Eakinomics: Medicaid and the Goldilocks Test

Americans are a generous people, with an altruistic concern for the financial and physical well-being of their fellow citizens. So, there is no way they will support not having social safety net programs such as Medicaid. Zero people being helped is too small. But Chris Holt nailed it in his most recent Weekly Checkup: “there is something wrong when safety net programs designed to cover the poorest and most vulnerable grow to cover 80 million people, or nearly 25 percent of the U.S. population.” One-quarter of the people is simply too big.

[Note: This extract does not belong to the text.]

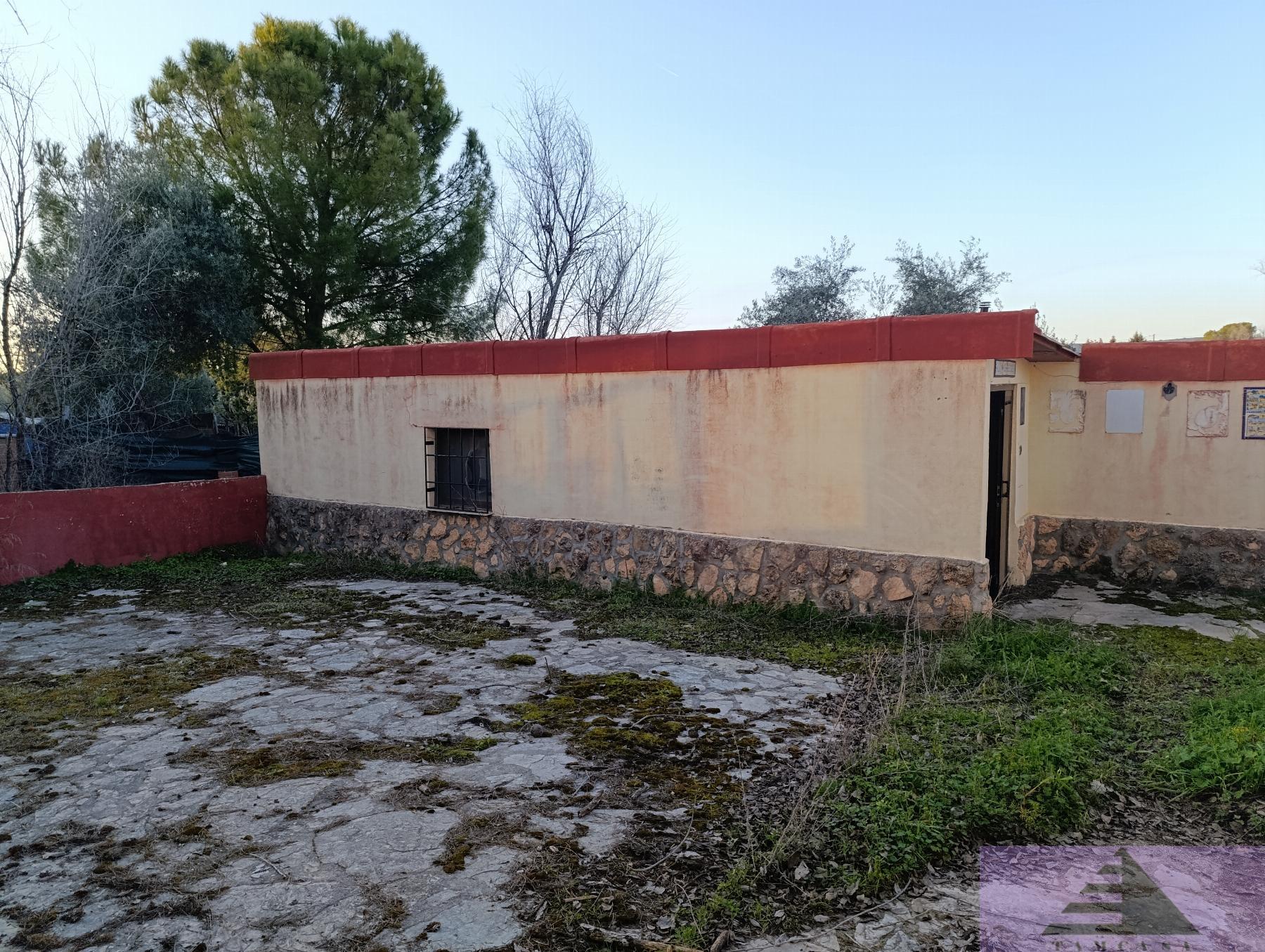 Venta de chalet en Colmenar de Oreja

How did this happen? First, the passage of the Affordable Care Act (ACA) changed the focus to covering people – seemingly any people at any cost – instead of a philosophy of providing access to coverage for targeted populations in need. In some sense, the presumption became that one should be covered, instead of the presumption that one had to demonstrate need in order to get covered. Put differently, conservatives retain the image of Medicaid as a limited program, while the progressive wing considers it simply another lane on the “any route to universal coverage” highway.

The pandemic exacerbated this trend toward universal coverage because in “the Families First Coronavirus Response Act—enacted in March 2020—Congress authorized a 6.2 percent bump in the federal share of Medicaid costs, but in exchange states had to suspend eligibility determinations for the duration of the public health emergency.” In short, here’s the money, cover people, and ask no questions. The result, as reported by The Washington Post, is “Between February 2020 through this past January, enrollment climbed by 9.7 million to reach nearly 75 million nationwide, according to a report released yesterday by [the Centers for Medicare and Medicaid Services]. That’s an aggressive growth curve, which now means Medicaid insures more Americans than any other health-care program or insurer.”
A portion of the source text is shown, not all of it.